A capacidade de linguagem/fala – embora isso nos constitua e nos diferencie dos outros animais, como sugeriram pensadores como Ludwig Wittgenstein (1889-1951) ou Jacques Lacan (1901-1981) – também não é suficiente. Bebês humanos, por exemplo, nada ou pouco dela a têm no nível sofisticado dos adultos. Por que, então, a linguagem seria capaz de gerar um discriminem dessa magnitude, separando os que merecem ou não respeito e proteção moral e legal?
Singer dizia: “A linguagem pode ser necessária para o pensamento abstrato, ao menos em alguns níveis; mas estados como a dor são mais primitivos, nada tendo a ver com a linguagem”.
A resposta parece estar numa tal “senciência”, um conceito que, para os fins do direito (dos animais, em especial), tem de ir além do que nos é emprestado pelos dicionários. Capacidade de ter sentimentos, sensações, consciência, talvez seja um bom começo, mas não é um suficiente final. Talvez Bentham tenha razão mais uma vez: “A questão não é saber se são capazes de raciocinar, ou se conseguem falar, mas sim, se são passíveis de sofrimento”.
Devemos dar conta da senciência dos animais no sentido de que, embora não tenham uma racionalidade igual à humana, eles não são assim tão diferentes (de nós) ao ponto de podermos negar as suas capacidades de sofrimento. Aqui podemos incluir não só as sensações de dor, mas também de ansiedade, medo e agonia. E devemos concluir que todos os animais vertebrados ou dotados de um sistema nervoso central são sencientes (embora haja quem vá mais longe e atribua a característica a todo o reino animal).
Essa proteção aos sencientes eu também extraio de disposições da “Declaração Universal dos Direitos dos Animais”, proclamada pela UNESCO em 1978: “todos os animais têm direito ao respeito e à proteção do homem; nenhum animal deve ser maltratado; o animal que o homem escolher como companheiro não deve ser nunca abandonado; nenhum animal deve ser usado em experiências que lhe causem dor; os direitos dos animais devem ser defendidos por lei”.
De toda sorte, é importante ser dito que alguns criticam o próprio critério da senciência. Segundo li na maravilhosa “Encyclopedia of Animal Rights and Animal Welfare” (Greenwood Press, 2010), editada por Marc Bekoff (1945-), esse critério denotaria “uma atitude que arbitrariamente favorece os seres sencientes sobre os não-sencientes”. Ele condenaria “toda a criação não-senciente, incluindo os animais inferiores, na melhor das hipóteses, a um status bem inferior… ou, na pior, a um status sem qualquer proteção”.
Faz certo sentido.
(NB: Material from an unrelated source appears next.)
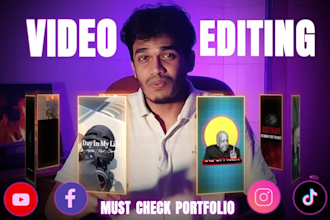 do youtube shorts video, sizzle reel, tik tok video editing or reels editing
O problema é que a senciência é hoje o melhor critério que nós temos.
Marcelo Alves Dias de Souza é procurador Regional da República, doutor em Direito (PhD in Law) pelo King’s College London – KCL e membro da Academia Norte-rio-grandense de Letras (ANRL)
Este texto apresenta uma visão inovadora para mim. Até então, o raciocínio humano e o instinto animal seriam as diferenças. O conceito de senciência e a valoração da perspectiva de dor e sofrimento me deram um novo entendimento.
Mais uma vez obrigado pelo conciso e brilhante artigo, sem esquecermos que os ditos seres humanos mais que devam aprender e apreender conhecimento, claro, à partir da sua trágica/carnificina histórica de predadores natos.
Mais ainda quando somos sabedores de que a unilateral e histórica régua imposta aos outros seres vivos, efetivamente não deve servir de imobilismo cientifico, sobretudo partindo do pressuposto e da compreensão do que deva ou não ser considerado civilizado e (ou) racional.